The holiday sales season is in full swing, and that means extra demands on your product fulfillment services arm.
As eCommerce sales continue to break records, it would seem that it’s all coming up roses, but there’s a flip side to sales of this magnitude: sometimes-significant amounts of merchandise returns. According to the National Retail Federation, about 10 percent of last year’s holiday retail purchases were returned, amounting to over $63 billion worth of merchandise!
Handling Returns and Staying in the Black
Although the holiday shopping season is the most exciting for shoppers and retailers alike, it’s the January that follows that is the most stressful for reverse logistics. Not only do eCommerce outlets have to brace themselves for the sheer volume of returns coming in all at once, they need to figure out a way to cut their losses.
Your reverse logistics team should be prepared to sort your returns into a variety of bins:
- Resellable As Is. Holiday gifting can make it easier to resell certain items, since recipients often know right away if their gift won’t work for them. Items that haven’t been worn, have all the packing intact and are still in season can be put right back into inventory and sold as a new product, only costing you the shipping.
- Resellable With Modifications. Sometimes merchandise comes in soiled, broken or otherwise dysfunctional. In these cases, your reverse logistics team will need to be savvy enough to determine if these items can be fixed, cleaned or repackaged (or all three!) in a reasonable enough time frame to return them to the sales floor.If they’re simply out of season or discontinued products, the goal is to figure out if they can still be sold at a discount.

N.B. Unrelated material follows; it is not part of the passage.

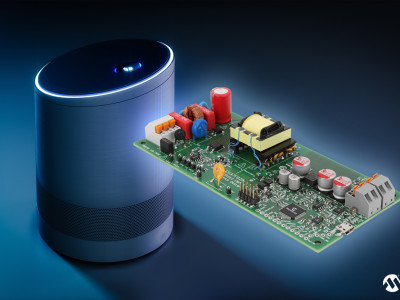 Power-Control-Referenzdesign ermöglicht einem sekundärseitigen Mikrocontroller die Steuerung der Leistung im Primärkreis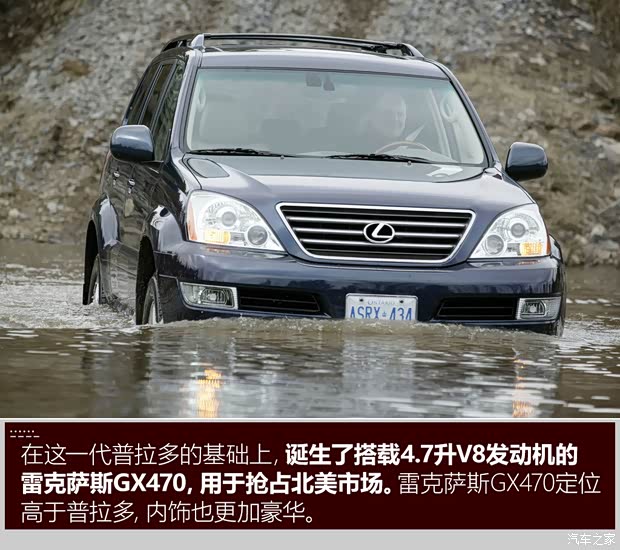 丰田(进口) 普拉多(进口) 2024款 美国版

You’ll still get something back and may even break even on the returned items in this case.
- Truly unsellable or broken items can sometimes be sold elsewhere for scrap, it should always be an option in your reverse logistics chain. Although scrapping things like computer systems can be time-consuming, the materials do have some value and you’ll be keeping some amount of waste from the landfill. You may not break even on these items, but you’ll recoup some amount of your cost, depending on what you have for the scrappers.
- Items that are returned and are deemed garbage are the least desirable from a retailer’s perspective. Even though it’s inevitable, a good reverse logistics team can help minimize the percentage of returns that go this bad.
As holiday sales start to slow, it’s time to think about holiday returns. The faster your company can respond to that incoming merchandise, the more you can return to your shelves, reducing your overall loss to the inevitable flood of unwanted, ill-fitting and wrong-color gifts.